Regarding the integration of AI with nuclear technologies, Peng Hua, vice president of Nuctech, a Chinese partially state-owned security inspection products company, told the Global Times at the conference that current achievements are concentrated primarily in industrial applications. By combining AI with CT technology, they have enabled automated durian grading, lithium-battery defect detection, and optimized security-inspection workflows, significantly improving efficiency and safety while enhancing user experience.

China’s AI-empowered nuclear technologies are now among the most advanced in the world. In customs inspection, for example, our technologies have already entered enforcement procedures and are being steadily rolled out, especially in the area of image recognition. This progress is supported by China’s vast market and high-quality data resources. I’m very confident about future development in this field, Peng added.

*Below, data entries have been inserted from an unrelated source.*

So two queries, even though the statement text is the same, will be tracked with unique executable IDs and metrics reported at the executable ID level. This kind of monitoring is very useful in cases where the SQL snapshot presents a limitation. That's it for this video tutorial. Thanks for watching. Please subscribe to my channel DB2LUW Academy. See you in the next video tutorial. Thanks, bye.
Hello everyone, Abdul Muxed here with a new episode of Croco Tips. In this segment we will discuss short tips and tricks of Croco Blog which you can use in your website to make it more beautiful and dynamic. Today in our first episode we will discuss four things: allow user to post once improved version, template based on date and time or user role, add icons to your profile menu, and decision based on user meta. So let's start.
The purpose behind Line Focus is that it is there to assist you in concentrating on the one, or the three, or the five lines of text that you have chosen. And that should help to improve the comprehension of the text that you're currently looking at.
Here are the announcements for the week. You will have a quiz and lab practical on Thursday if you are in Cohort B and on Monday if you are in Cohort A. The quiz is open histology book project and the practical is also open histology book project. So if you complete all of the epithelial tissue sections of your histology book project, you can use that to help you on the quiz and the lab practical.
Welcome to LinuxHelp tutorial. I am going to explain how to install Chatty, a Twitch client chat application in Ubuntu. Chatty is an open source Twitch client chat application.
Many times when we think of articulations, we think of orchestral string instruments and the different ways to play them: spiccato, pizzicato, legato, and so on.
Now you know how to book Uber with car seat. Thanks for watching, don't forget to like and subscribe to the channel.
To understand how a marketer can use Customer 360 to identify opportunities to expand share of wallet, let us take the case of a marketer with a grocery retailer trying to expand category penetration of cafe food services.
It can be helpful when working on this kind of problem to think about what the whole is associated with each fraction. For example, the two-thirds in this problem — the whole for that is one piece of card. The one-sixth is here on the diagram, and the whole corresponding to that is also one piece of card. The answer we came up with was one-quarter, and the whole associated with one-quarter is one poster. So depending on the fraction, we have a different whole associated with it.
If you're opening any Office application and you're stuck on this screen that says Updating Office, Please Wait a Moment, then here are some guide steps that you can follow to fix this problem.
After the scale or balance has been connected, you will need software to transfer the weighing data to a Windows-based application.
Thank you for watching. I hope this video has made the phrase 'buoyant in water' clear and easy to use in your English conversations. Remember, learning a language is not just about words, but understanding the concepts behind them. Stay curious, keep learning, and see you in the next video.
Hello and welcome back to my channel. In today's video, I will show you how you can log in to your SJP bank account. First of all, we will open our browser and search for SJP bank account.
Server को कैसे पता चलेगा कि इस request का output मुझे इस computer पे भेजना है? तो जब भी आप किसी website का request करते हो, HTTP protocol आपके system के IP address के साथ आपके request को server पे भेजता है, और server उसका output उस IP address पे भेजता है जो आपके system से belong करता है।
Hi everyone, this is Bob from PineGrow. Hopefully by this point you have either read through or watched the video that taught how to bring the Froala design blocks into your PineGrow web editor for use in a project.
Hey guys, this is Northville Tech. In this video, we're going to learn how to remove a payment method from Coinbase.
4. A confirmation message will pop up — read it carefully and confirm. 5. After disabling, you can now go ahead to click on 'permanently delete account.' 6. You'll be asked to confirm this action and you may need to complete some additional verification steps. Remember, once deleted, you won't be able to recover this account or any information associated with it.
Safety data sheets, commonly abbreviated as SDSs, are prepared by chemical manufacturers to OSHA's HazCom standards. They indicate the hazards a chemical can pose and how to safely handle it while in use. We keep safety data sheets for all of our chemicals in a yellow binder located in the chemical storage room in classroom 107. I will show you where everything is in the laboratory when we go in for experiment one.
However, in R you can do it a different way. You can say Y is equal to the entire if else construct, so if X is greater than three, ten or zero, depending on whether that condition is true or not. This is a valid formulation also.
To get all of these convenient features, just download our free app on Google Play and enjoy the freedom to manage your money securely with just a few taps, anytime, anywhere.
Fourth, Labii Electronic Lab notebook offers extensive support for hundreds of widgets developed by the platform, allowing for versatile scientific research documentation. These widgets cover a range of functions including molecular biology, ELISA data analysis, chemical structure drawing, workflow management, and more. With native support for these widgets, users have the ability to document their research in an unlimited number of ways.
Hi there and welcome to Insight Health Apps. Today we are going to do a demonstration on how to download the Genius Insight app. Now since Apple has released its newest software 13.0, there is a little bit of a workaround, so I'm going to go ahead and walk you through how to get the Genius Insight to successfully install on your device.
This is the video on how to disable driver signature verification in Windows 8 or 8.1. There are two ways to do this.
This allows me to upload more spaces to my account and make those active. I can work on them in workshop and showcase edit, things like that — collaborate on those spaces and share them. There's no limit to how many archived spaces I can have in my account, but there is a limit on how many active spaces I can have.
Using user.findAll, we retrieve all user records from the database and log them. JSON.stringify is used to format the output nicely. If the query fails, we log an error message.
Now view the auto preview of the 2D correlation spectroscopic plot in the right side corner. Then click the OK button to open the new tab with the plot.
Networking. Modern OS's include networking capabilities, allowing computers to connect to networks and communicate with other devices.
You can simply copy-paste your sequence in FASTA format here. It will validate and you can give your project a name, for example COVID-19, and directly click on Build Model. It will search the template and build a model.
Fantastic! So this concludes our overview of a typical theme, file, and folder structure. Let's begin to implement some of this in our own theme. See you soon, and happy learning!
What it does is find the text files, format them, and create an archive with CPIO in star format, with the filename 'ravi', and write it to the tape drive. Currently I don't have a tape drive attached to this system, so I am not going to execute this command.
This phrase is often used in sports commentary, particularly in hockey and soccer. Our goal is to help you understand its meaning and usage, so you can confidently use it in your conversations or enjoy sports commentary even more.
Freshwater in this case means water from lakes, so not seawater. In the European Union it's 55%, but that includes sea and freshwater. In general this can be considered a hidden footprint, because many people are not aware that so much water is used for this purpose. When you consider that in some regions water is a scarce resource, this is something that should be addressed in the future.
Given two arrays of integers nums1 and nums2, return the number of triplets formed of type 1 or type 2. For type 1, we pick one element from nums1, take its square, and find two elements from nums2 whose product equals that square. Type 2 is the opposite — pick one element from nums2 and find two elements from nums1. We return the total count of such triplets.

By 2026, the independent innovation capability of China’s nuclear technology application industry will be significantly enhanced, and the industrial field will be further expanded, according to the three-year action plan for high-quality development of the nuclear technology application industry (2024–2026) released in 2024.

Over the next three years, breakthroughs will be made in a number of key technologies, a number of innovation platforms will be built, and new enterprises will be cultivated, focusing on the application of nuclear technology in the fields such as medical diagnosis and treatment, agricultural breeding, food processing, safety and security, the three-year action plan added.